▶ **INPUT FOR THIS TASK**:

========================================================================

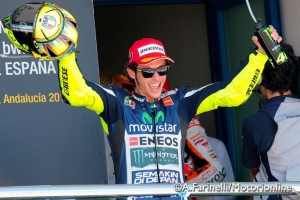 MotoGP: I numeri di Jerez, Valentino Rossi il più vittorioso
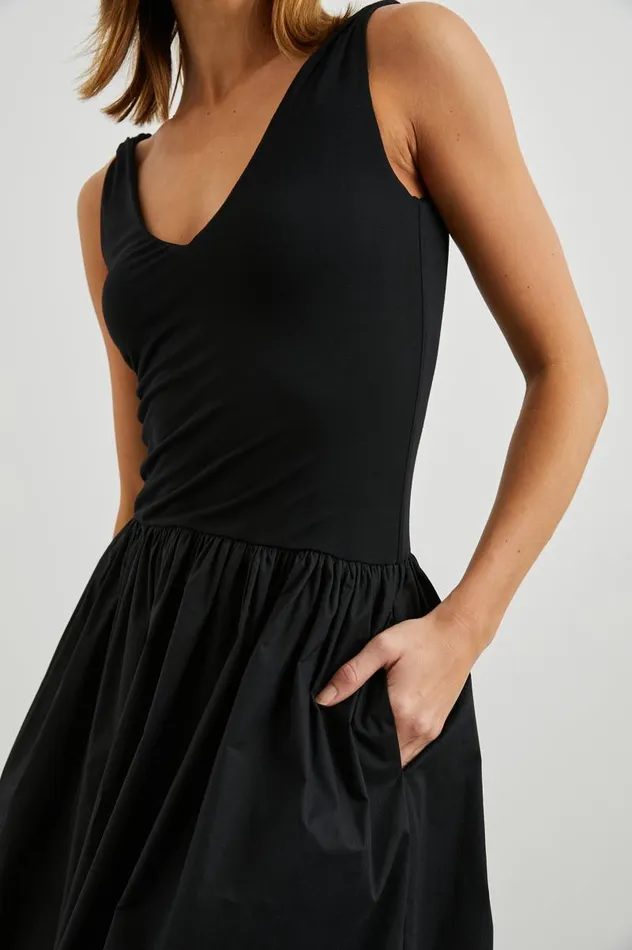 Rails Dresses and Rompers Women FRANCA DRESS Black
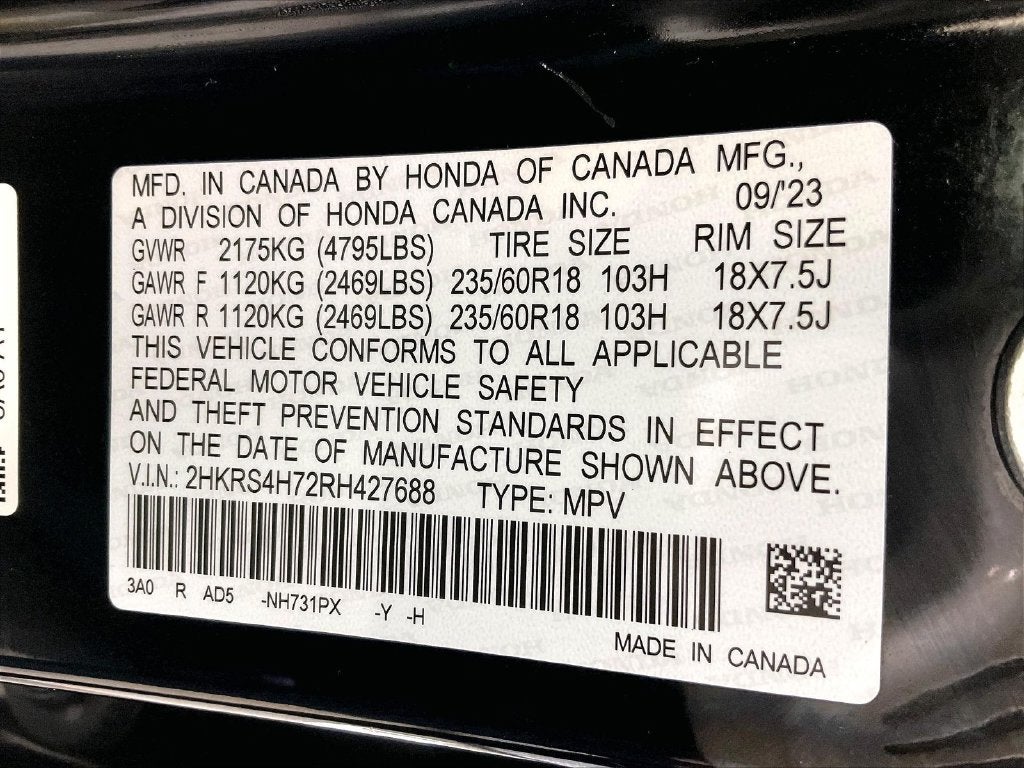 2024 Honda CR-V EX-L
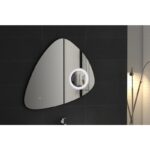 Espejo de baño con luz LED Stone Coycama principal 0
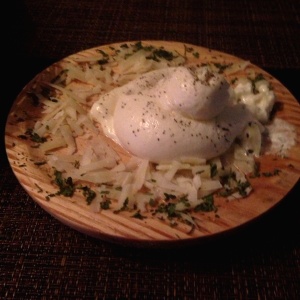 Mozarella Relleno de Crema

========================================================================

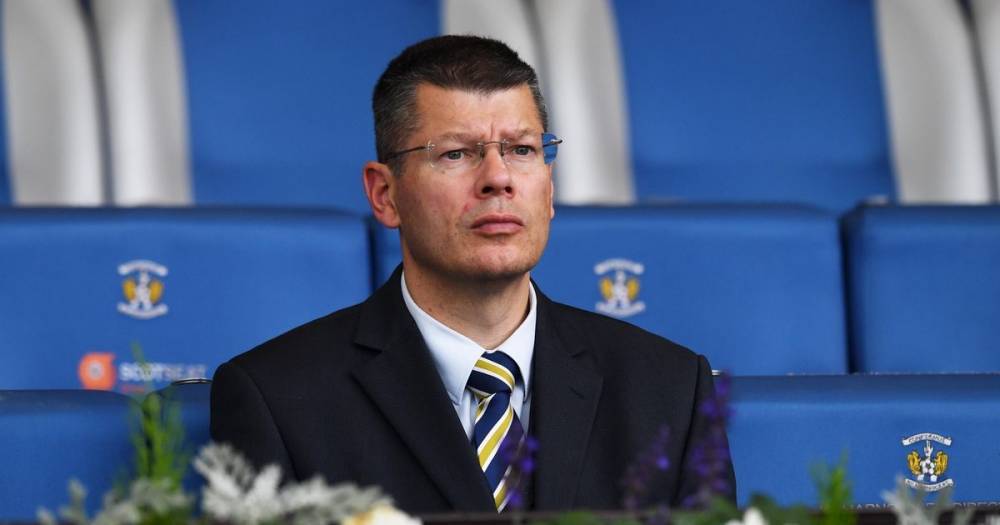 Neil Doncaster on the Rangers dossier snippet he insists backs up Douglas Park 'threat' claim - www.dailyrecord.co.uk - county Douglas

========================================================================

▶ **WHAT YOU SHOULD DO**:
Within the listing above, write out the stretch from the line with "Rails Dresses and" through the line with "Mozarella Relleno de Crema" exactly. Any pictures are to be left out.

▶ **RESULT OF THE EXERCISE**:
 Rails Dresses and Rompers Women FRANCA DRESS Black
 2024 Honda CR-V EX-L
 Espejo de baño con luz LED Stone Coycama principal 0
 Mozarella Relleno de Crema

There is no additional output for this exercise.